Наполеоныч. Дедушка русского шансона — страница 15 из 53


Объявление из путеводителя «По Сибири»

Более на подобного рода сентиментальности, как-то: переживание разлуки с молодой женой, тревога за домочадцев, получение долгожданных писем от родных и т. п., Вильгельм Наполеонович в своей книге отвлекаться не станет. Все правильно! Как сказано в уже вышедшем к тому времени главном философском труде Ницше: «Мужчина должен воспитываться для войны, а женщина — для отдохновения воина; все остальное есть глупость». А что есть для Гартевельда поездка в Сибирь, как не своего рода глубинный рейд рейнджера-одиночки, отправившегося раздобыть важнейшие разведсведения?

Итак, путешествие началось после 4-го апреля. Но — не позднее 6–7-го. Потому как на второй день Пасхи (согласно тогдашней Пасхалии, 14-го апреля) Гартевельд должен был отыграть концерт в Челябинске, а до того — около недели провести в Златоусте.

Вот с последнего городка и начнем…


Златоуст

В уральский Златоуст наш герой прибыл поездом Самаро-Златоустовской ж/д, которая к тому времени в магистральной своей части означала участок от станции Батраки, что на правом берегу Волги, до станции Златоуст.

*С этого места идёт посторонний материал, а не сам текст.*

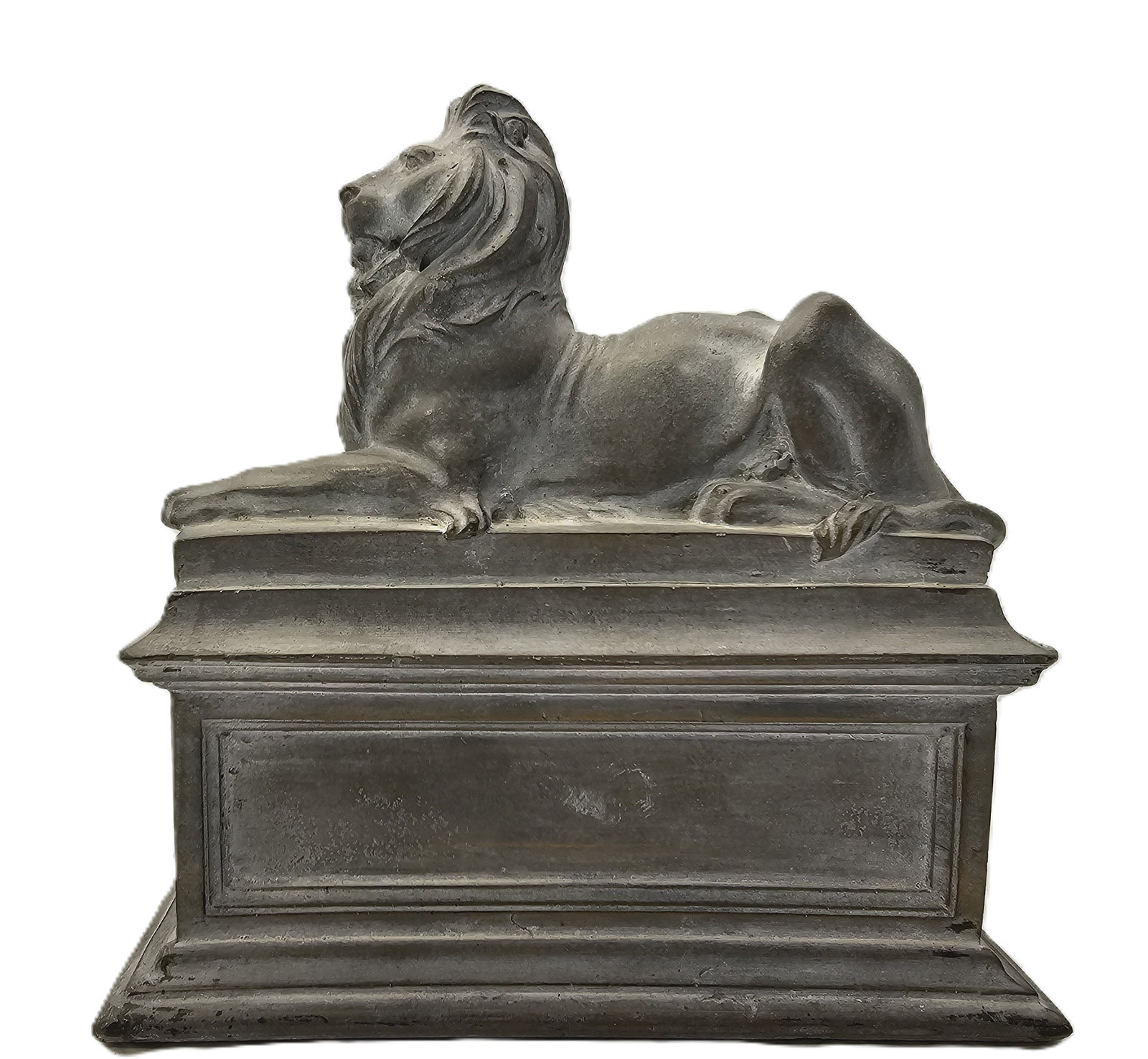 small ceramic recumbent lion statue, often styled as a guardian or memorial piece: recumbent lion statue, often styled as a guardian or memorial piece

При строительстве этой ветки, ставшей головным участком будущей Транссибирской магистрали, особо отличился писатель Гарин-Михайловский, начинавший свою карьеру именно как инженер-путеец. Причем с наибольшей силой инженерный талант Николая Георгиевича раскрылся как раз в ходе строительства перегона Уфа — Златоуст, где он реализовал свой вариант прокладки железнодорожного полотна. Учитывая, что помимо многих своих прочих ипостасей Гарин-Михайловский был путешественником, этнографом и фольклористом, думается, что Наполеоныч, как минимум, изучал труды Николая Георгиевича. Нельзя исключить и личного знакомства этих авантюрно-родственных душ. Ну да в любом случае, к началу путешествия нашего героя Гарин-Михайловский полтора года как почил в бозе…

* * *

Случайный вагонный попутчик Гартевельда — молодой немецкий коммивояжер, узнав о пункте назначения композитора, презрительно сплюнул в сторону и, качая головой, произнес: «Печальная дыра! Дел никаких!» И хотя, как признает потом сам Вильгельм Наполеонович, «я убедился в истине его слов», по неясным причинам он проведет в этом захолустье почти неделю. При том что до более комфортабельного во всех смыслах Челябинска всего 8–9 часов езды.

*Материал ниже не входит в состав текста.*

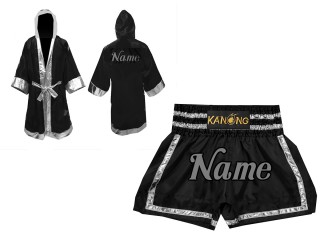 Customized Kanong Muay Thai Robe + Thai Boxing Shorts : Set-140-Black-Silver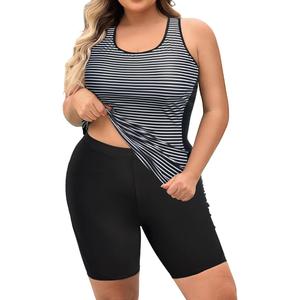 Daci Women's Plus Size Tankini Swimsuit - Two Piece Rash Guard with Capris Shorts and Athletic Racerback Bathing Suit, Size 2XL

Отсюда вопрос: с чего вдруг? Тем паче, что песен в Златоусте Гартевельд все равно толком не собирает. Да, похоже, их здесь никто особо и не поет.

«…Хмурая природа, хмурые лица, хмурая погода и таким же оказался впоследствии и самый город. «Город без улыбки» — как я его потом назвал.

И в самом деле. Во время всего моего недельного пребывания в Златоусте я ни в природе, ни в людях не видал привета или улыбки. Суровая природа и суровые люди!»

Жизнь местного населения связана исключительно с заводом.

И жизнь эта, судя по описанию Наполеоныча, не шибко радостная:

«…жителей в нем всего 21,000 человек, из которых 20,000 составляет живой инвентарь при казенном заводе. Завод этот вырабатывает орудий и снарядов в год (смешно сказать) всего на 1 миллион рублей, и уже давно толкуют об упразднении его, ибо кроме убытка он будто бы ничего не дает. Но это было бы равносильно тому, как если бы в Петербурге упразднили бы все присутственные места. «Северная Пальмира» превратилась бы тогда в безжизненное болото, а Златоуст в каменную пустыню…»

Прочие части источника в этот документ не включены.